Doing an Internet search for information, I was delighted to find a site which proclaims that "Molly Ivins writes about politics, Texas and other bizarre happenings." Describing Texas as a bizarre happening is something she would have enjoyed. She will be missed, both for her wit and for her rather encyclopedic knowledge of Texas politics.
Ivins was an unappologetic radical liberal who didn't hesitate to mock her own "side".
She had a wicked sense of humor, and had the same sort of charm and class as Anne Richards (and KE knows *exactly* what type of Texas Broad I mean).
She coined the insult "shrub" long before Bush ran for the Presidency. "Somewhere in Texas a village is missing it's idiot" was hers too.
It all sounds brutal if you never heard her on the radio...but if you did you can't help reading those statements and hearing them come from a white haired southern woman with a glass of lemonade in her hand, a smile on her face, and an evil twinkle in her eye.
She was fired from the NYT for refering to a community chicken butchering festival as a "gang pluck".
On Clinton, she said "If left to my own devices, I'd spend all my time pointing out that he's weaker than bus station chili."
On History? "It is possible to read the history of this country as one long struggle to extend the liberties established in our Constitution to everyone in America."
On a controversial court case "There's never been a law yet that didn't have a ridiculous consequence in some unusual situation; there's probably never been a government program that didn't accidentally benefit someone it wasn't intended to. Most people who work in government understand that what you do about it is fix the problem -- you don't just attack the whole government."
On the other hand, one of my favorites "During a recent panel on the numerous failures of American journalism, I proposed that almost all stories about government should begin: 'Look out! They're about to smack you around again!' "

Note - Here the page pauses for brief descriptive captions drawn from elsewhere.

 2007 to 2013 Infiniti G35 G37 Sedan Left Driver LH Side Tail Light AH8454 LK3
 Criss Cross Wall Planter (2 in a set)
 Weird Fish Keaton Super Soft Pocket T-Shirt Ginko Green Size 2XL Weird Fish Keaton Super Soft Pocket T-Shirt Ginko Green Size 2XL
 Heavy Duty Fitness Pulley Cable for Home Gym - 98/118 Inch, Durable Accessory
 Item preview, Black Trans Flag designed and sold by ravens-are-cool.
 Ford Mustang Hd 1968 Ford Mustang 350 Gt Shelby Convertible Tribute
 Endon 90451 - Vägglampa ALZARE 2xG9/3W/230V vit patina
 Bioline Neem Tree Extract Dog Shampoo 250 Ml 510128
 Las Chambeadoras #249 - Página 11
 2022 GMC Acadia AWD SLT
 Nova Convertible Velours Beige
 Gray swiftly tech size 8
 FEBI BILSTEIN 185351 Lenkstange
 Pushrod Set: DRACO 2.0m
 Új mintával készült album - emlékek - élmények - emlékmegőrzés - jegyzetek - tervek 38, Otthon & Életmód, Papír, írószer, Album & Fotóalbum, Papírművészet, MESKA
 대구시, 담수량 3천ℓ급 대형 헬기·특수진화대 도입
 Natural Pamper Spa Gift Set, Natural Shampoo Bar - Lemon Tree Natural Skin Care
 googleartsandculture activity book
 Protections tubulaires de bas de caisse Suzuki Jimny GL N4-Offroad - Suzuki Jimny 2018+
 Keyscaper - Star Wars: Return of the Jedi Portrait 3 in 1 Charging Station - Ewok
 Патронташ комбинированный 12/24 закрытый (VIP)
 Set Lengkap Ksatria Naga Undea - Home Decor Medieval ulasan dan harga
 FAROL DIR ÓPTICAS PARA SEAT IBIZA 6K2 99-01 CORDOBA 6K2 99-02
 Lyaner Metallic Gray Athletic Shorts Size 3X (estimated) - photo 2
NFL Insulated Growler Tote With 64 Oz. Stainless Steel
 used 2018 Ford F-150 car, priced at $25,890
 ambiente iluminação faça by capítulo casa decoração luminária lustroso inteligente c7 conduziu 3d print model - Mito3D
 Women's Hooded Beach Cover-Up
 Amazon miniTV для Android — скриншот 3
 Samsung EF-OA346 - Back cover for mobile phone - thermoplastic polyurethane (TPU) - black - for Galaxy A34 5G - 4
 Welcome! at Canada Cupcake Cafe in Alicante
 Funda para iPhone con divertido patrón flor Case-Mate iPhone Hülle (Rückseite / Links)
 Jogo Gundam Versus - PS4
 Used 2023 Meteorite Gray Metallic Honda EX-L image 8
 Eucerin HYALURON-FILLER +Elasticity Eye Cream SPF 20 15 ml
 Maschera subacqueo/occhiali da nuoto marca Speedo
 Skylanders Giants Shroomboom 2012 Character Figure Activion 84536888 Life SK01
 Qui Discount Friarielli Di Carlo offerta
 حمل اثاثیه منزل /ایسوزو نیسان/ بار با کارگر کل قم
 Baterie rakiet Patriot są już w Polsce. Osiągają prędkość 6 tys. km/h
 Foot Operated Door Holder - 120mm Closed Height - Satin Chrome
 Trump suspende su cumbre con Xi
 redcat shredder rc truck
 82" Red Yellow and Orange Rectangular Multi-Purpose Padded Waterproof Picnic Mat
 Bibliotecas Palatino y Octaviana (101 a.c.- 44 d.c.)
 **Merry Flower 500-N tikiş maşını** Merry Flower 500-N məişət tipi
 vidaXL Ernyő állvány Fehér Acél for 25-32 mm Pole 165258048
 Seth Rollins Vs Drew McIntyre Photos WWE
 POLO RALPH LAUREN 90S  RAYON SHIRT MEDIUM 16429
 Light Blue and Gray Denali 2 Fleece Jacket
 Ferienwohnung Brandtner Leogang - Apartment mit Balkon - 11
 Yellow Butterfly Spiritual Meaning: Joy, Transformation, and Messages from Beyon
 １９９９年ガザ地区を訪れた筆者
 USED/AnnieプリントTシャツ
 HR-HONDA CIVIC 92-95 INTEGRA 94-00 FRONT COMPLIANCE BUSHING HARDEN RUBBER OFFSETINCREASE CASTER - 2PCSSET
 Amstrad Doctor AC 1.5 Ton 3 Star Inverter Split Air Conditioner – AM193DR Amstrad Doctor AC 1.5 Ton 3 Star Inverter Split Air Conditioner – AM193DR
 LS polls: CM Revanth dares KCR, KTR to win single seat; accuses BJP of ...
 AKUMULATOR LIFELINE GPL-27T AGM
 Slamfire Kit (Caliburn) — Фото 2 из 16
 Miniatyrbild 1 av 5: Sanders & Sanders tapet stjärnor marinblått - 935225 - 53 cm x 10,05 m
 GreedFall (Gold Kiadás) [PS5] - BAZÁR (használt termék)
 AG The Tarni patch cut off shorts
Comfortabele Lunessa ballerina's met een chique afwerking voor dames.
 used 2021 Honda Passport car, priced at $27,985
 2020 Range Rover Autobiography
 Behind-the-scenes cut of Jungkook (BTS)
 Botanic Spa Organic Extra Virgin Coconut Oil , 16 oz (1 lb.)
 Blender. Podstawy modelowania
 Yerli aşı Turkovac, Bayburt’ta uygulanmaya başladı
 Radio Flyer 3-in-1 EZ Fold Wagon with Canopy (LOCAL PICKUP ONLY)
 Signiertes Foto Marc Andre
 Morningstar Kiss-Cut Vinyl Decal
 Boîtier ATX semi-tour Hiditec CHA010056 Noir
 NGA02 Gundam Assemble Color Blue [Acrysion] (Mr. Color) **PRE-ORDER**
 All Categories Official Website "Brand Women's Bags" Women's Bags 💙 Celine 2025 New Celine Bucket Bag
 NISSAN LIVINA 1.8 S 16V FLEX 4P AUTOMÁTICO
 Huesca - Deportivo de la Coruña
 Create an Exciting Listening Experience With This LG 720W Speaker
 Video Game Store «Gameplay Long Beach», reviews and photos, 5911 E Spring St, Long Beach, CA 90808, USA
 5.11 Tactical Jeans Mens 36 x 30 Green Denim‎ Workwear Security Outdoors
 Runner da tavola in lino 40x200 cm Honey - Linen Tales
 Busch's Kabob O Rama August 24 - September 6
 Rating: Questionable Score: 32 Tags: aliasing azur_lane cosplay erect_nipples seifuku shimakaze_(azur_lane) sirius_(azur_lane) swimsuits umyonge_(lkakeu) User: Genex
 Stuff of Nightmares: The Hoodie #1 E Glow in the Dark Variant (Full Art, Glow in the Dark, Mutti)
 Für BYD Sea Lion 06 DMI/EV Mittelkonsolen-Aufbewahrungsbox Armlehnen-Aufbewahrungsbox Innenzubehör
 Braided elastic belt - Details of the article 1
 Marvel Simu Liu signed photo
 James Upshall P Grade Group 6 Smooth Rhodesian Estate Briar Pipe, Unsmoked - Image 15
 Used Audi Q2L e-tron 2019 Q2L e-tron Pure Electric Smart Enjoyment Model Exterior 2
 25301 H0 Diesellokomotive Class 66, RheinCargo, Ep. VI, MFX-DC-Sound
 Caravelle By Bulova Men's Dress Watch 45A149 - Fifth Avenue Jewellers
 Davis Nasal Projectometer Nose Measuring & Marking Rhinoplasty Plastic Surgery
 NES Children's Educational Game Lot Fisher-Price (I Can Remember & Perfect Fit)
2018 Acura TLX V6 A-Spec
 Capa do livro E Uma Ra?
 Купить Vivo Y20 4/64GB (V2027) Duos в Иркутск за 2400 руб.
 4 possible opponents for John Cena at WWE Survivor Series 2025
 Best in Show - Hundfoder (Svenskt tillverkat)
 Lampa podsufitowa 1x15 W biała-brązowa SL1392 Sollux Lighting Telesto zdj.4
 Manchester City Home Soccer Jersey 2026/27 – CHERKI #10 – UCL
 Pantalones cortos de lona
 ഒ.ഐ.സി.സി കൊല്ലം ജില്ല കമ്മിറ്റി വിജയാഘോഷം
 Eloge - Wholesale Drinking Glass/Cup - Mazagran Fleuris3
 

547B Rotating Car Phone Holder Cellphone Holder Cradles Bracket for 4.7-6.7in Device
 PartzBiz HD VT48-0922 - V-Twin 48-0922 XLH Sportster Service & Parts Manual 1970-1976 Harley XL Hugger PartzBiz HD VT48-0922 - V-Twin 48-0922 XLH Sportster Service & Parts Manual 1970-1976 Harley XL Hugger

quote: President George W. Bush, a frequent target of her barbs, said in a statement, "I respected her convictions, her passionate belief in the power of words, and her ability to turn a phrase. She fought her illness with that same passion. Her quick wit and commitment to her beliefs will be missed."
lol - scouser, you just demonstrated it perfectly: the President cannot even be magnanimous and gracious to a deceased person who herself insulted him frequently, without being criticized for that.